The film was released theatrically by Roadside Attractions in the United States on May 31, 2024. It received negative reviews from critics.

==Premise==

Nora, Ginny, and Mary have been close friends since they were children, and have spent their summer vacations together without fail, attending sleepaway camp as a trio. As they have aged, their opportunities to spend time together have dwindled, and thus, when the chance for a summer camp reunion presents itself, they all accept it, albeit with different levels of enthusiasm.

==Cast==

Additionally, Castille Landon appears as a cheery counselor, Eugenie Bondurant plays a sobbing camper and Ashley Padilla appears as a fan of Ginny. Besides her work as an actress, Padilla was an assistant to Keaton.

==Production==
In February 2023, Deadline reported that Diane Keaton, Kathy Bates and Alfre Woodard signed on to star in the comedy film, Summer Camp, directed and written by Castille Landon. The following month, Eugene Levy was added to the cast as the love interest of Keaton's character. In April, Beverly D'Angelo, Dennis Haysbert, Nicole Richie, Josh Peck, Betsy Sodaro and Tom Wright were added to the cast.

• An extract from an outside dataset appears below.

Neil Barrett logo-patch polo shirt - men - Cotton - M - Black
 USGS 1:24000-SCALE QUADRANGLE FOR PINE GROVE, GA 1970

Principal photography began in North Carolina in April 2023 and wrapped in late May. Filming took place primarily at Camp Pinnacle and Blue Ridge Community College in Hendersonville. Producer Dori Rath researched more than 200 summer camps across the United States out of "about 14,500 total summer camps" in the country before choosing Camp Pinnacle. She told the Asheville Citizen-Times, "Camp Pinnacle stood head and shoulders above the rest when it came to production value and a rich, cinematic landscape with exceptional activities-based structures, like their Sky Ropes course". Other filming locations were Wingate University, Nantahala Outdoor Center and UNC Health Pardee. Over 1,000 local extras were hired for the film. The film was in post-production by October 2023.

==Release==
In April 2024, Roadside Attractions acquired U.S. distribution rights to the film, and released theatrically on May 31, 2024.

==Reception==
 Metacritic, which uses a weighted average, assigned the film a score of 41 out of 100, based on 9 critics, indicating "mixed or average" reviews. Audiences polled by CinemaScore gave the film an average grade of "C" on an A+ to F scale.